As the man who was king of the Cardinals' running backs this time last year was on the verge of signing with division rival Seattle, Tim Hightower talked about the different dynamic with the position.
The landscape certainly has changed.
Hightower was the rookie a year ago, the new guy trying to fit in with Edgerrin James and J.J. Arrington. Arrington is gone, having left as a free agent and with knee troubles threatening his 2009 season, while James looks like he will be a Seahawk.
So now Hightower is the leader despite his young age, in front of a couple of rookies like Beanie Wells and LaRod Stephens-Howling and a veteran – Jason Wright – who has never fully established himself as a runner. This is the group coach Ken Whisenhunt is counting on to raise the Cards' from statistically the worst running game in the NFL a season ago. And it's a group that has fit well together as each guy finds his place.
"I think we're about mutual admiration and help," Wright said.
"It's a lot like college, where we were all very close and that's how it is here," Wells said. "Tim is a great leader and so is Jason Wright and they really mentor us.
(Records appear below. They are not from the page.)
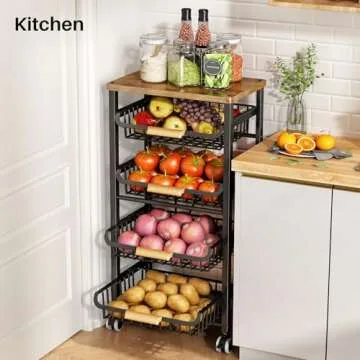 SAYZH Tiered Fruit Vegetable Basket with Wheels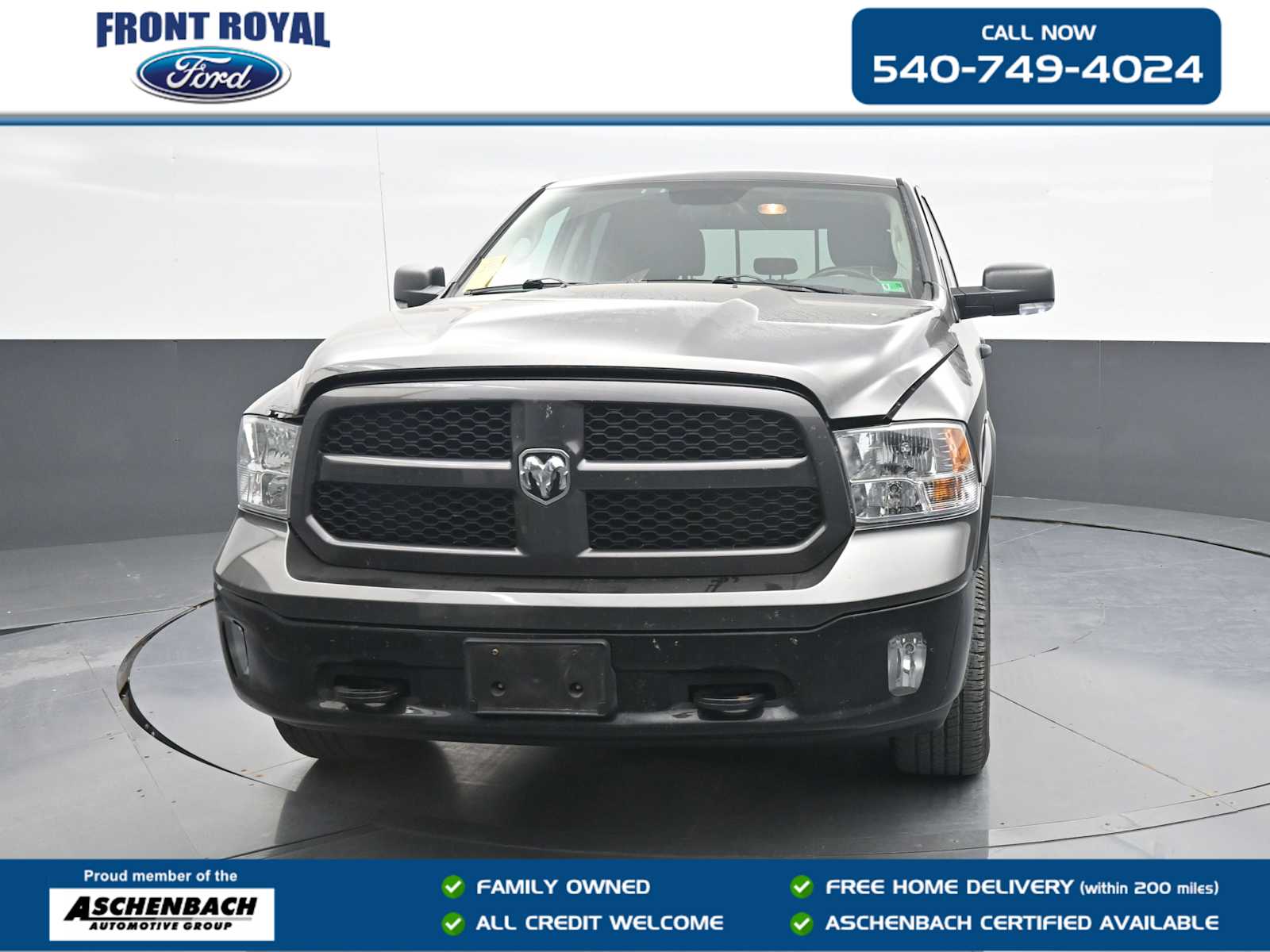 Gray (Granite Crystal Metallic Clearcoat) 2015 RAM 1500 Outdoorsman Quad Cab 4WD Pickup Truck Four-Wheel Drive 8-Speed Automatic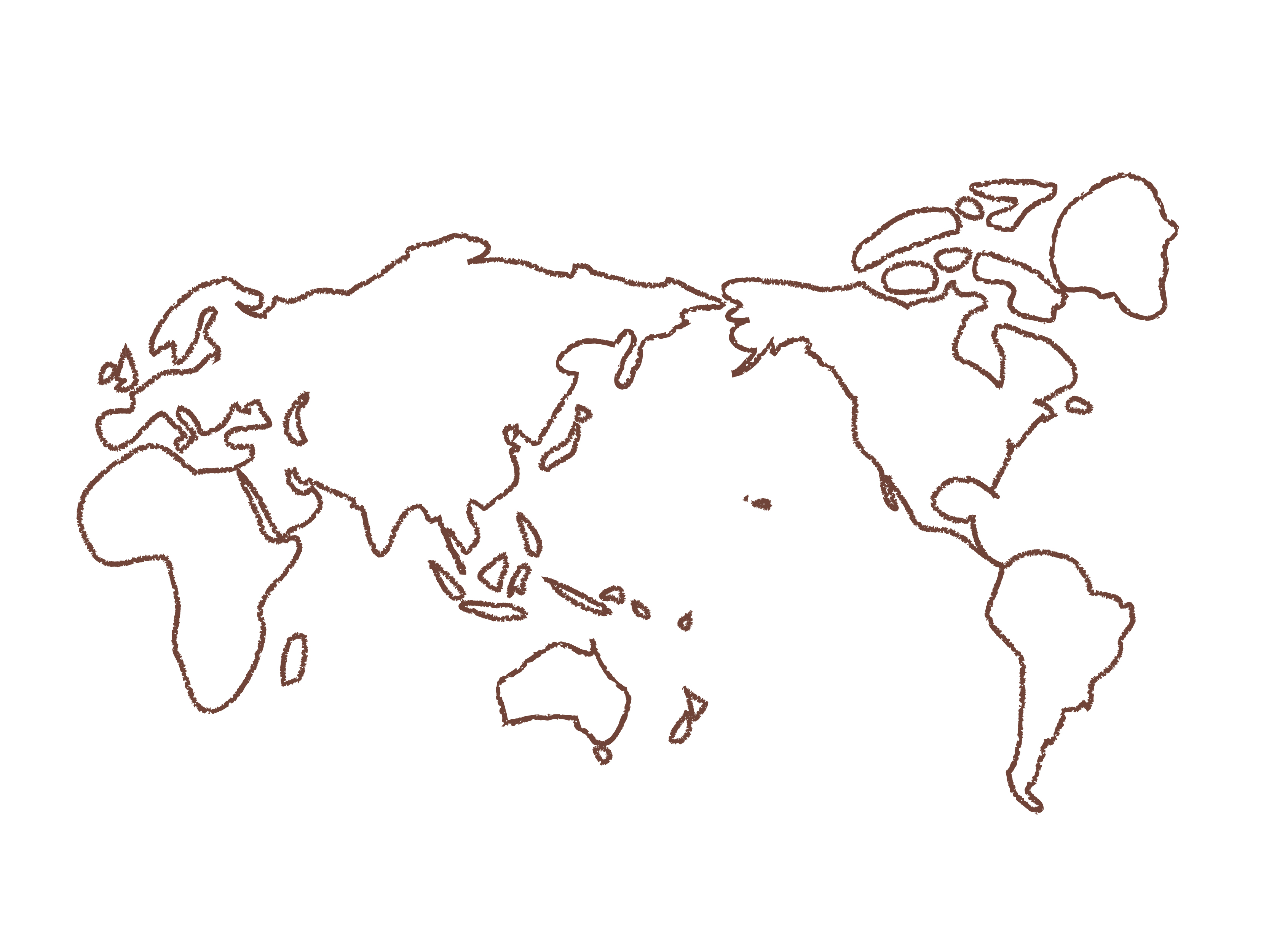 世界地図(全域)無料フリーイラスト｜手書き5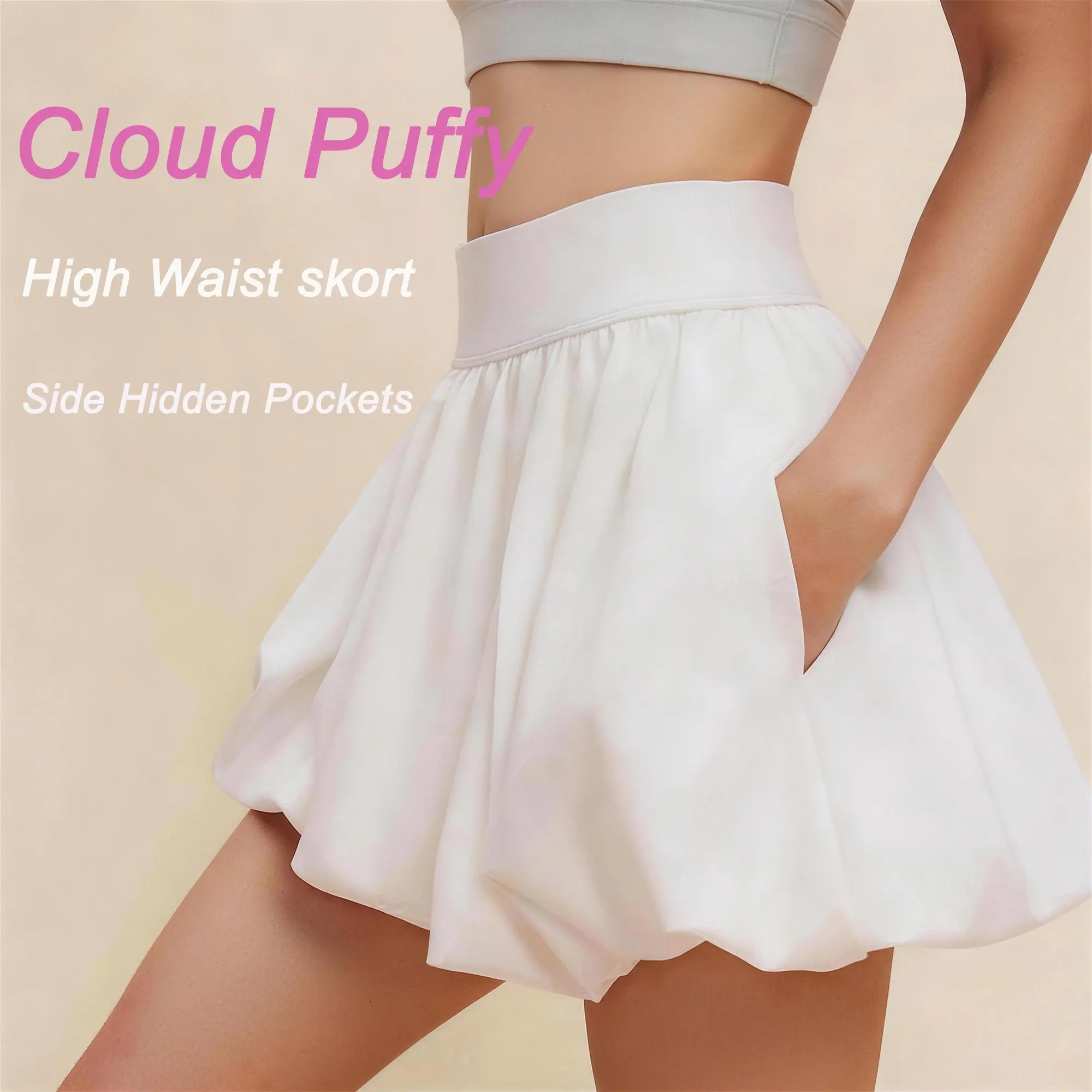 NELEUS Women's Loose Fitting Bubble Skort - High Waist, Lightweight Active Performance Skort with Stretchy Design, Anti-Chafe Liner Shorts, Hidden Side Pockets for Tennis, Golf, Daily Wear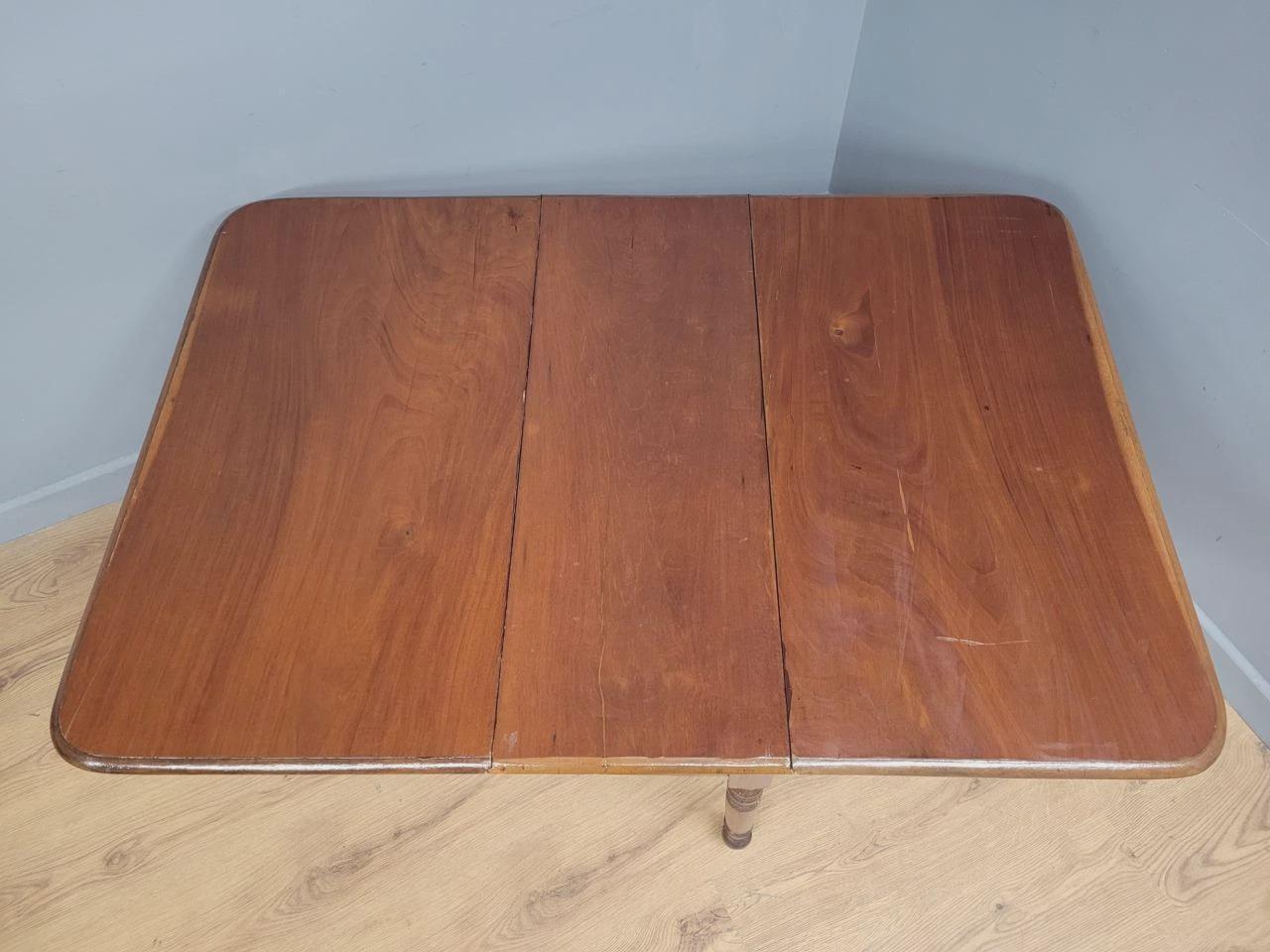 Antique Mahogany Drop Leaf Dining Table Late Victorian Turned Legs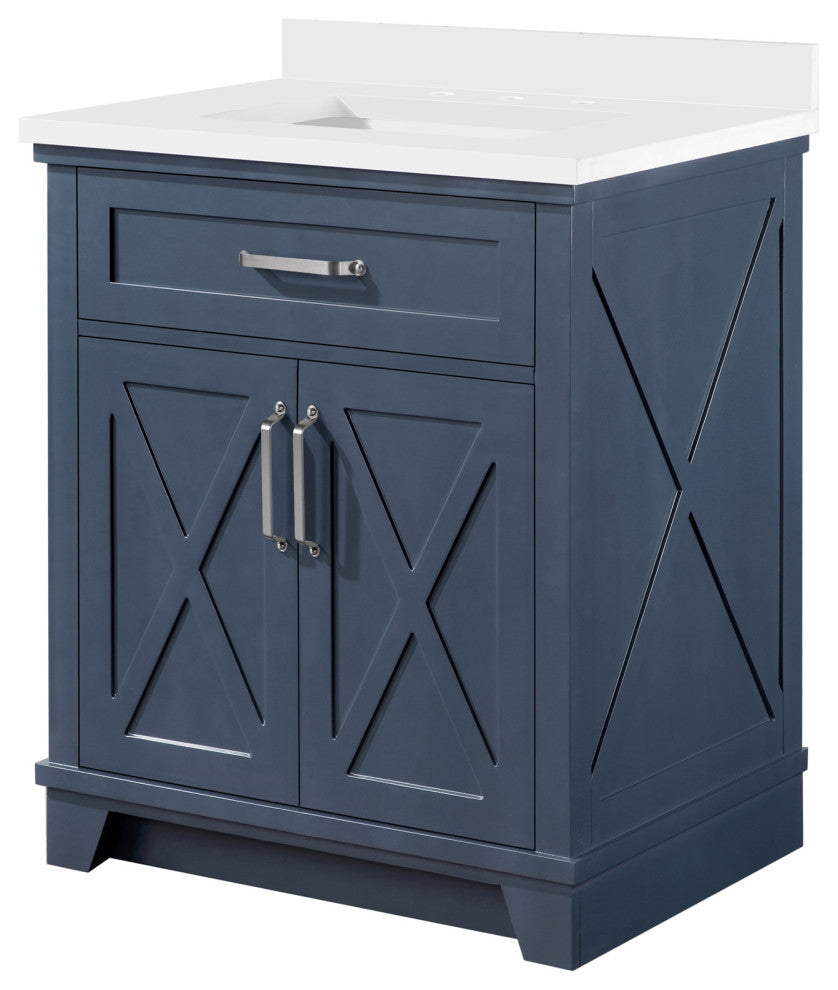 Ove Decors Ollie 30" Single Sink Vanity, Midnight Blue With Hardware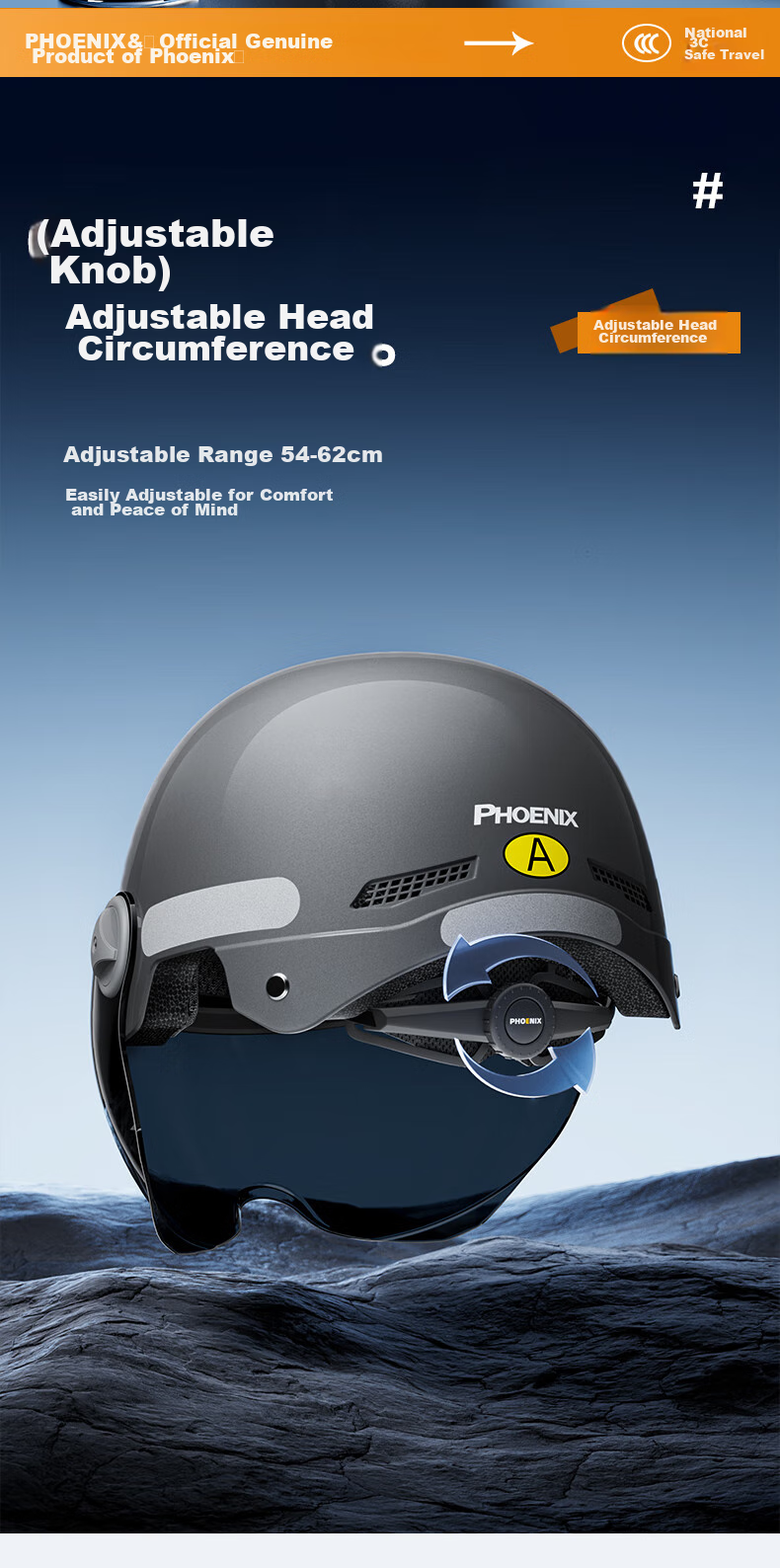 Phoenix New National Standard 3C Certified Electric Vehicle Helmet Four-Season Universal Electric Scooter Motorcycle Safety Helmet Half Helmet Matte Short Transparent Black 9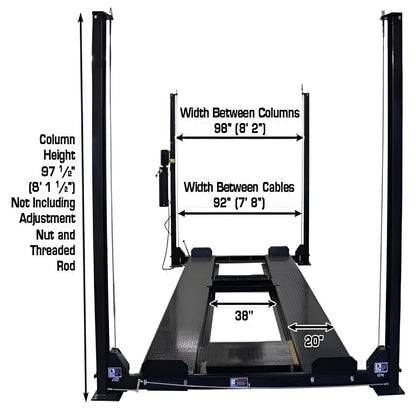 Atlas PRO8000EXT-L 4 Post Lift + (2) RJ35 Sliding Jacks Combo Caster kit included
You'd think with the competition Tim would be all about himself but he's really not. He's the type of guys who reaches out."
That was always important to Hightower, who was oft effusive in his praise of James last season as James brought him along. If Hightower's ascension to starter last season was sudden, it was nothing compared to his rise among the running backs.
"I am more accountable now," Hightower said. "I try to isolate myself sometimes but I can't do that. Guys are looking to me for direction, they are looking at me at practice – if I go half-speed, I am responsible for them going half-speed. I think it will make me a better player. It is making me learn and mature faster and I think it's helping them too see someone not too far removed from what they are going through."
Coach Ken Whisenhunt insisted he feels good about his running back situation. Hightower is running more effectively this season, Wright is doing the things asked of him, and Stephens-Howling "has had an impact," Whisenhunt said.
The only missing piece has been Wells, and Whisenhunt should get a better sense of what Beanie will bring starting Friday night – when Wells is scheduled to make his preseason debut after hobbling around on a sprained ankle most of camp.
Keeping four backs on the roster is no lock. Whisenhunt said it's a possibility, but it is weighed against the rest of the roster and players available. Hightower, Wells and Wright will make the team; it is Stephens-Howling that will have to wait to see if he is roster-bound or a practice squad candidate.
The production will start with Hightower regardless. Whisenhunt said he thought his team improved in the playoffs last season with its ability to run the ball, although he wants to have a team that can grind the clock in the second half if the Cards are up by double digits.
Hightower has looked better in the preseason in how he has run, although he doesn't think he has changed. It's simply progress, he said, and that's what he is trying to do every day.
"I was always taught be more critical of yourself than anyone else is," Hightower said, adding "Appreciate what you did, but learn from mistakes. You don't want to dismiss the good, but eliminate the mistakes as much as you can."
Perhaps this is the group of backs that can give Whisenhunt the running game he has wanted. Maybe it's the group that finally elevates the Cardinals' ground game to something beyond average.
They mesh well off the field. But it will be how they mesh on the field that counts.
"It's a talented running backs room, but they say talent and 50 cents gets you a cup of coffee," Wright said. "That's what my old running backs coach used to say, and it's true. Yes we have talent, but we have to keep working."